EXERCISE DESCRIPTION >> Line by line, retype the material exactly and leave each picture out.

COLLECTED MATERIAL >>
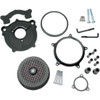 Performance Machine (PM) #0206-2165-B - Super Gas Air Cleaner Kit - Black
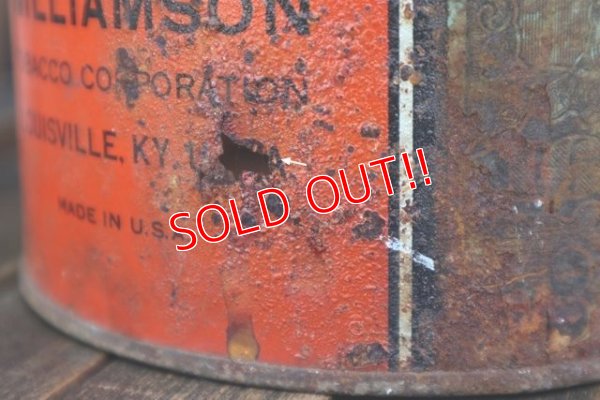 画像6: dp-180501-20 Sir Walter Raleigh / Vintage Tobacco Can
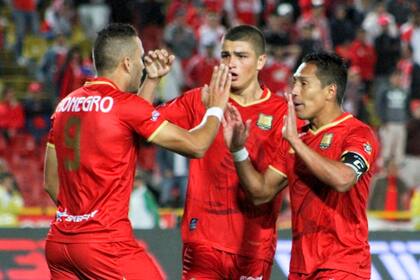 Rionegro Aguilas Doradas enfrentará a Independiente en la copa Sudamericana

RESULT OF THIS EXERCISE >>
 Performance Machine (PM) #0206-2165-B - Super Gas Air Cleaner Kit - Black
 画像6: dp-180501-20 Sir Walter Raleigh / Vintage Tobacco Can
 Rionegro Aguilas Doradas enfrentará a Independiente en la copa Sudamericana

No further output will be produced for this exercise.